Gravestones are not legal documents. Pay the engraver and he'll chisel what you want in it.  ;)

I'm more interested in if Segar actually stated that Fiegal was the inspiration.

Do you think everything in that newspaper article was made up, out of thin air, by Fiegal, himself, and told to the reporter?   Do you believe that the reporter didn't check out Fiegal's reputation with people in that small, Illinois town, to see if that claim was based on actual events?  It seems to me that making a claim like that, if it were false, with Segar's surviving family members still around would be impossible.  Furthermore, even if the newspaper article had been printed well after Segar's death, there would still be people in the town that could remember how long the story about Fiegal having been the inspiration for Popeye had been circulating.  Certainly, Segars children should have been told by him that there was a real man who inspired him to invent Popeye.  Segar's assistant on Thimble Theatre and later, Popeye, would certainly have been told by Segar that Fiegal had been his inspiration.  Someone pretending to have been the inspiration for such an iconic character couldn't get away with that if it weren't true, especially with Sagendorf still alive at the time the claim was being made.

I believe that it is a true story.  I've written a few hundred stories.  Virtually every character I've invented has qualities that I've experienced in people I've met in real life.  Some are amalgomated  from a few different people, and the characters of several were taken wholly from the characteristics of just one "real character" I've known. A character so unique and colourful as Popeye could easily have been formed from meeting such an unforgettable person.  So, I have no reason to doubt that what is printed in the article has been fabricated, and was just made up by a man in a small town, who happens to look very much like the cartoon character, and whose young life mirrored the cartoon character's comic strip activities.
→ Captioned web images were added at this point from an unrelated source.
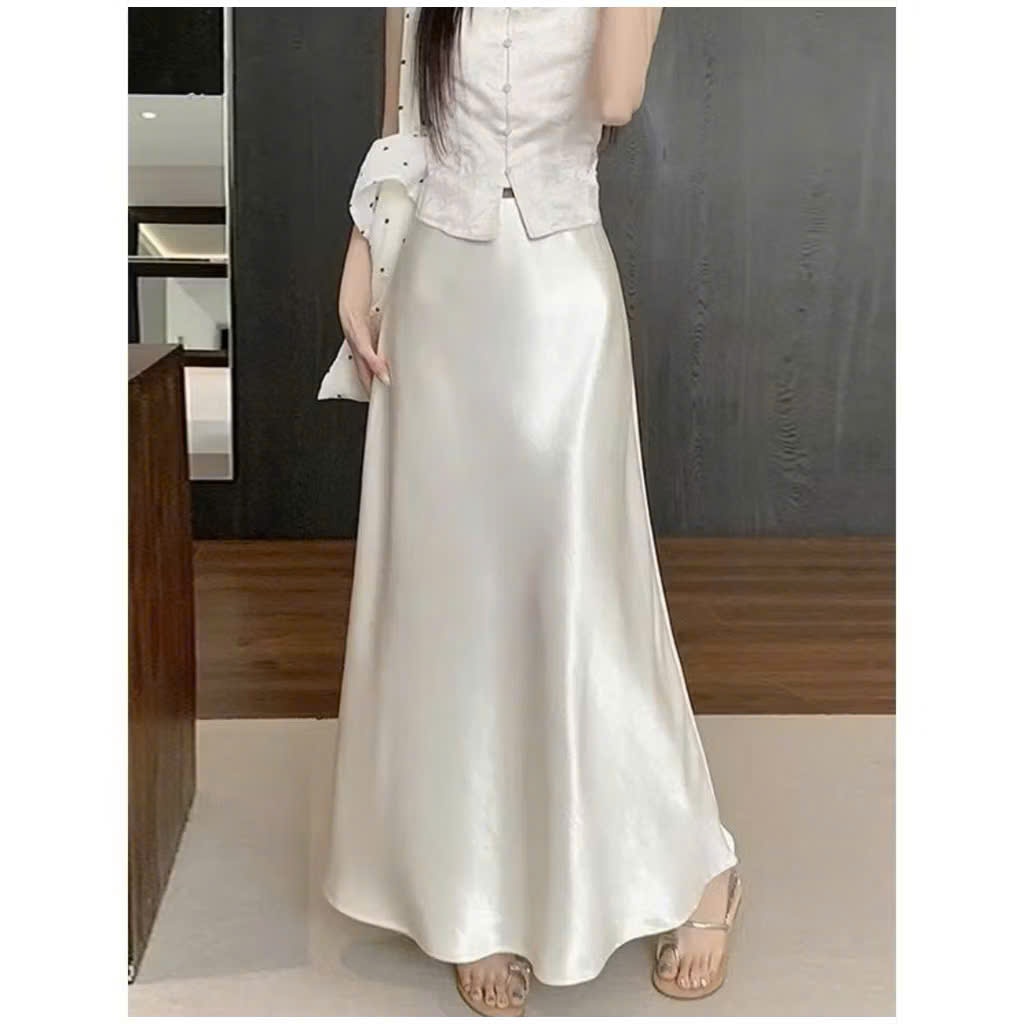Chân Váy Lụa Midi Dáng Dài Chữ A Phối đuôi cá Nhiều Màu, Chân Váy Dài Chất Lụa Vân Sóng Mềm Mịn Ohari House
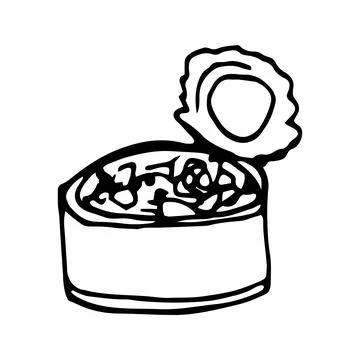 Hand drawn vector camping canned food clipart. Isolated on white Stock Illustration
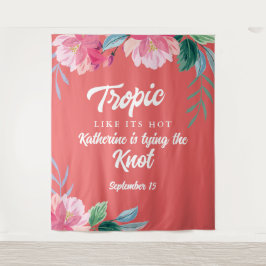 暑いオレンジの独身最後のパーティーのようにトロピカル タペストリー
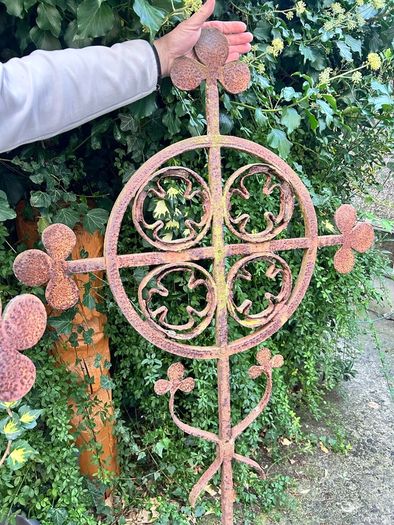 Pair of Victorian Iron Cross Finials Architectural Salvage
It seems to me I've seen other examples of this same type of situation in which authors based characters in their stories on people they had come across in their lives.  Damon Runyan was probably the best example of that method of interesting character building.  And many of his "fictional" characters in his stories were real people, who were well known to many New Yorkers as being exactly that way.  Just about all my author friends do the same.  A wise editor once said, "Write about what you know.  Realism always shines through, and can be identified by the reader's emotions."
« Last Edit: February 07, 2023, 06:30:30 AM by Robb_K »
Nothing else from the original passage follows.